Early this year the tribe asked the U.S. District Court in Oklahoma to force
federal officials to issue a reservation proclamation for their Akela property,
which would help their casino efforts. In May the NIGC submitted their written
opinion about why Akela did not qualify under federal law. That document has now
been formally withdrawn from the court.
"I believe it means they're reconsidering their decision the land was not
appropriate for gaming," said Fort Sill Apache Chairman Jeff Houser. He believes
this is a positive step.
The tribe has built a 6,000 square-foot casino off Interstate 10 about 40 miles
west of Las Cruces, where they want to operate Class II electronic bingo
machines. They are currently operating a smoke shop and cafe on the property.

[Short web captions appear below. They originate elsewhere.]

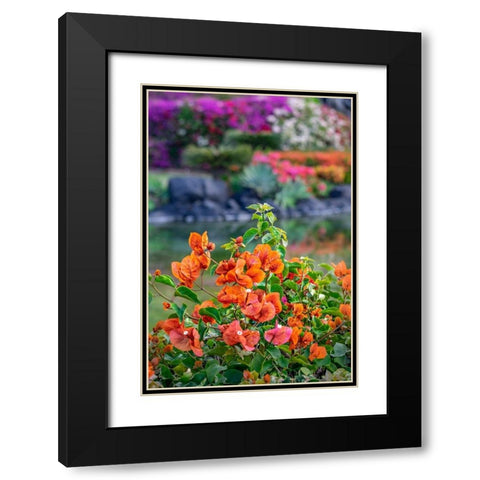 Bougainvillea in tropical garden Black Modern Wood Framed Art Print with Double Matting by Engelbrecht, Lisa S.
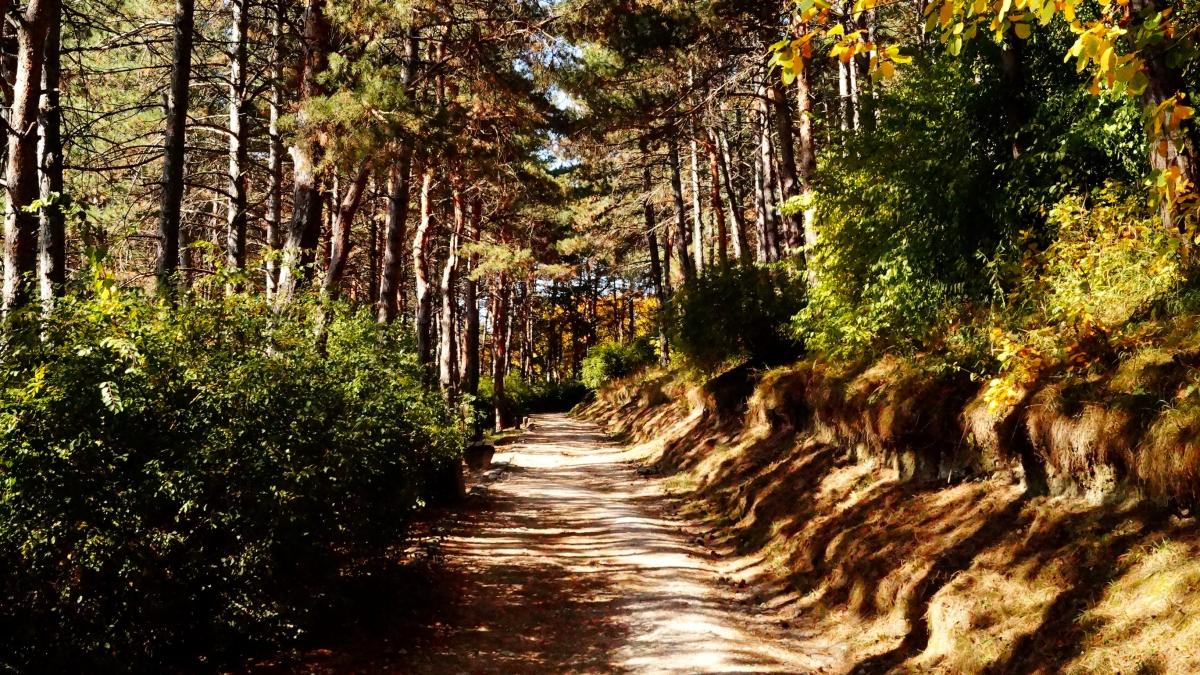 Кисловодский национальный парк.Терренкур Кисловодский национальный парк.Терренкур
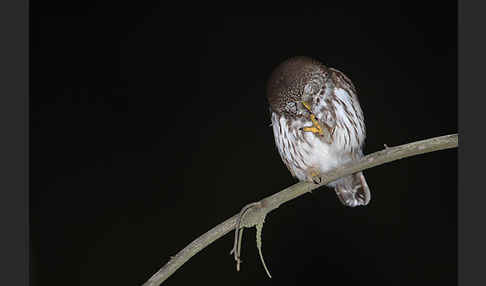 Sperlingskauz (Glaucidium passerinum)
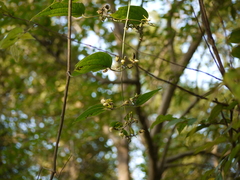 Clematis hedysarifolia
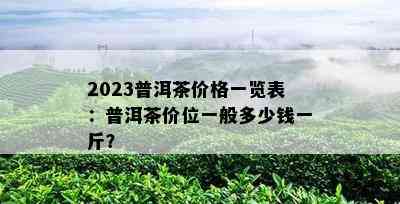 2023普洱茶价格一览表：普洱茶价位一般多少钱一斤？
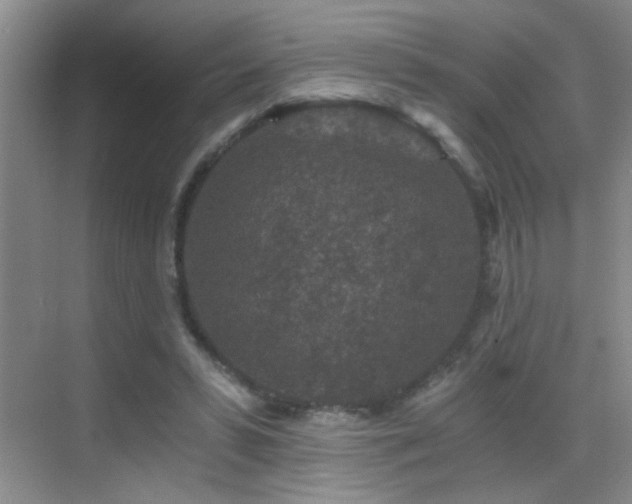 X0000069830399200605191145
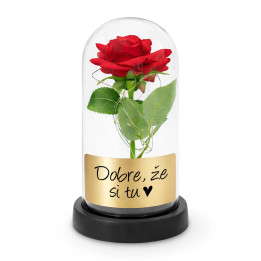 Dobre, že si tu - večná ruža pod skleneným poklopom s gravírovaním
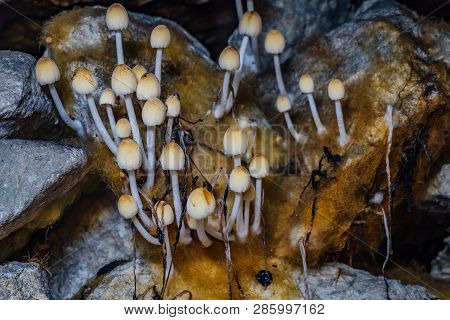 Underground Mushrooms. Glistening Inkcap Mushroom Coprinellus Micaceus Growing In Cave.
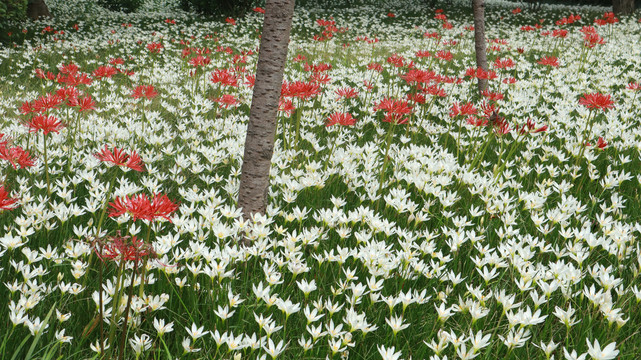 白花菖蒲莲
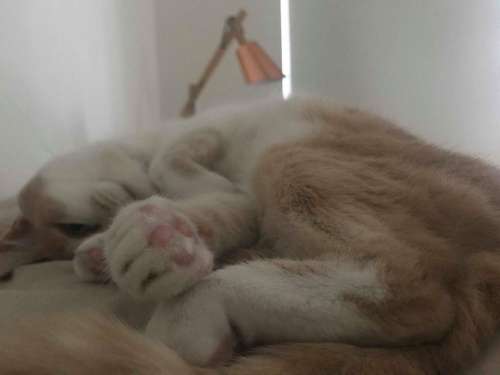 Cat Lazy Sleeping paws pink 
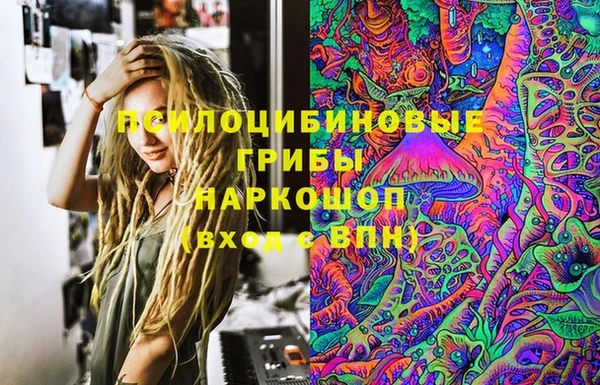 мдпв Кинешма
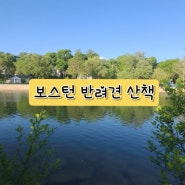 반려견과 미국 보스턴 생활 - Arlington Reservoir 산책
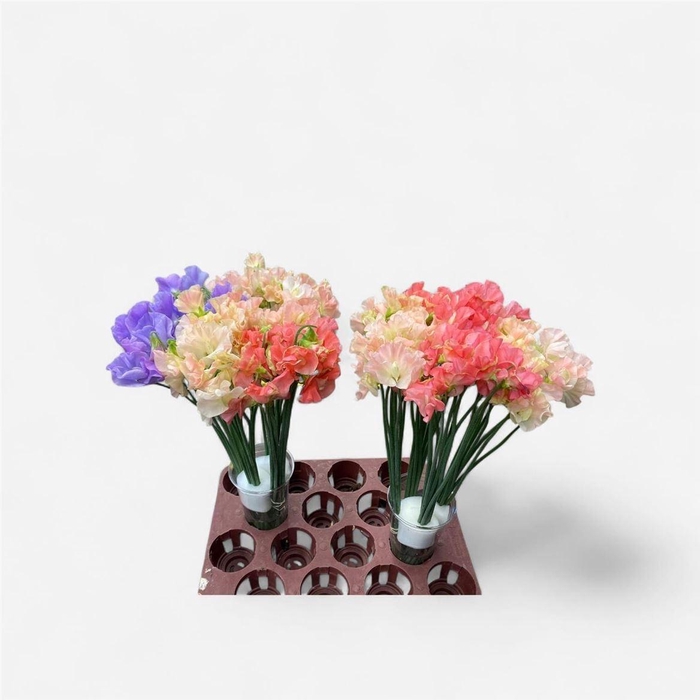 <h4>Lathyr Odoratus Gem</h4>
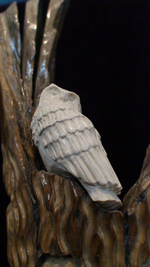 "Сова", миниатюра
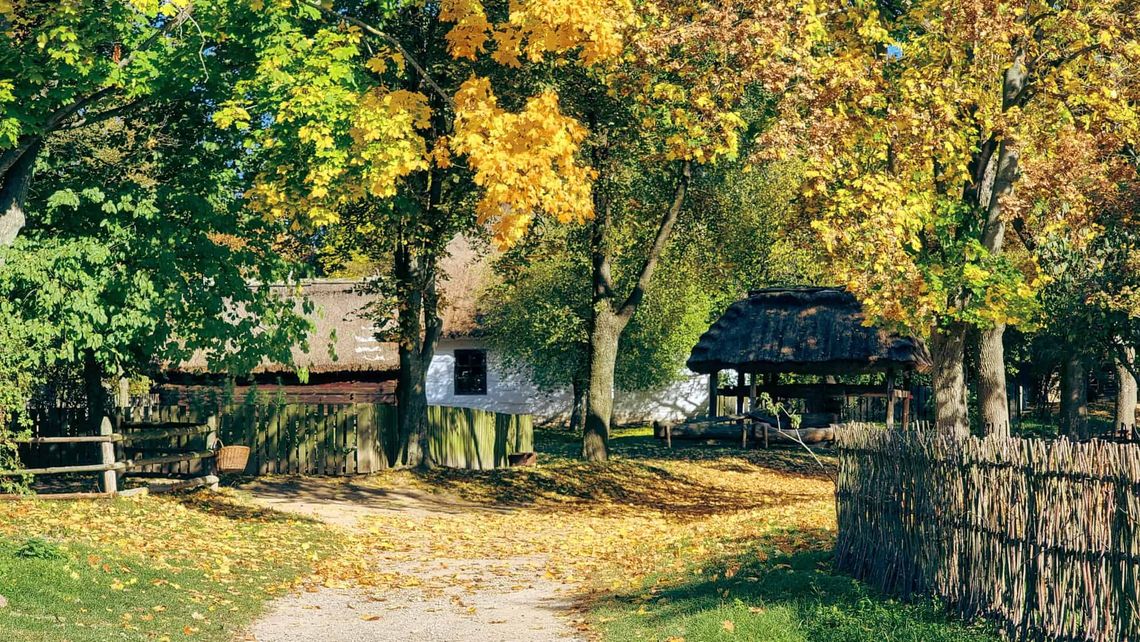 „Ginące zawody i tradycyjne rzemiosła” – Wizyta w Muzeum Wsi Lubelskiej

Gov. Bill Richardson remains opposed to gaming on that site. His spokesman,
Gilbert Gallegos, said "Fort Sill does not have any legal rights to operate
gaming activities in New Mexico. Gov. Richardson will continue to aggressively
resist any efforts by the tribe to operate an illegal casino in New Mexico."
The Fort Sill Apaches are descendants of the Chiricahua and Warm Springs
Apaches, who once roamed southeastern Arizona, southwestern New Mexico, and
northern Mexico. They were relocated as prisoners of war to Florida and later to
Fort Sill, Oklahoma in the late 1800s.